• Your task:
Among the entries below, one stretch runs from the line that contains "Rust-Oleum Painters Touch" through the line that contains "Термос дитячий для". Repeat that stretch exactly, ends included, and only that.

Short web captions:
▽

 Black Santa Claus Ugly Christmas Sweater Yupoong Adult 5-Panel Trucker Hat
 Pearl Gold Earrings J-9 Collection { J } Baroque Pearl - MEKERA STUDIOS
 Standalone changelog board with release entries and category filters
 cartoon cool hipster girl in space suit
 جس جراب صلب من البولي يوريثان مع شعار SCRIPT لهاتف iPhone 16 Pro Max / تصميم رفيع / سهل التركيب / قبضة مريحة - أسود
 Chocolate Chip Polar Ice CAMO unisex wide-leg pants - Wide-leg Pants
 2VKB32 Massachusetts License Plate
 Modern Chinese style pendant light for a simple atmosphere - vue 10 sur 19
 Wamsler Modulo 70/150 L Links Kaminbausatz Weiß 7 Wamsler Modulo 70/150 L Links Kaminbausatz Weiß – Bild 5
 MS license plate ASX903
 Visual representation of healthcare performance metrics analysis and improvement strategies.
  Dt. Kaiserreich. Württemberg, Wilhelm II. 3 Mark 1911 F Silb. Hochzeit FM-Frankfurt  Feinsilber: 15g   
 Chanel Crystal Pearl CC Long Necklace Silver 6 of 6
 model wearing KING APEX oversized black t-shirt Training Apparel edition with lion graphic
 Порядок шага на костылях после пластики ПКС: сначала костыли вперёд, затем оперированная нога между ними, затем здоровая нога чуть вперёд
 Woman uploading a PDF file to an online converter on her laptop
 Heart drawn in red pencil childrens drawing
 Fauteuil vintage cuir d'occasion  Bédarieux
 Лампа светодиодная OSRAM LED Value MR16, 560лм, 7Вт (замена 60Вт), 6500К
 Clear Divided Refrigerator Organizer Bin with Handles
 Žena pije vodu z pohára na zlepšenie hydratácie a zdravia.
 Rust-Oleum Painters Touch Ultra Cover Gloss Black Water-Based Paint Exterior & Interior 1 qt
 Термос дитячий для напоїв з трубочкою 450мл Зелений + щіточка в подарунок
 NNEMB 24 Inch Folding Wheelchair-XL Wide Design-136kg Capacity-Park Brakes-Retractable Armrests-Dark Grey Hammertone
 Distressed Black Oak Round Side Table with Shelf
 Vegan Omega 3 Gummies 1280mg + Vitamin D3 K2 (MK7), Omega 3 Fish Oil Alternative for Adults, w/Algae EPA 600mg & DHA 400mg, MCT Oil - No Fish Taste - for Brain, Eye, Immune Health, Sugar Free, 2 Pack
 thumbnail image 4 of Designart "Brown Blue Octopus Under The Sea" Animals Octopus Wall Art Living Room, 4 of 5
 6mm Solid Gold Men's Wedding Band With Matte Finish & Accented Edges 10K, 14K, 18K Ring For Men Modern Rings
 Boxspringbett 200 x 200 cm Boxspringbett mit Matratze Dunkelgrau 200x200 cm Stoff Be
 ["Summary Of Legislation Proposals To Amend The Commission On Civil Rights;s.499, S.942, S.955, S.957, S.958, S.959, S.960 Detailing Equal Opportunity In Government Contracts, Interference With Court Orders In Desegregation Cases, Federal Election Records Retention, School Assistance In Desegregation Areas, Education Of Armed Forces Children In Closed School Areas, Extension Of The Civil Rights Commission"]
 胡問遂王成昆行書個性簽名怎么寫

△

• Written response:
 Rust-Oleum Painters Touch Ultra Cover Gloss Black Water-Based Paint Exterior & Interior 1 qt
 Термос дитячий для напоїв з трубочкою 450мл Зелений + щіточка в подарунок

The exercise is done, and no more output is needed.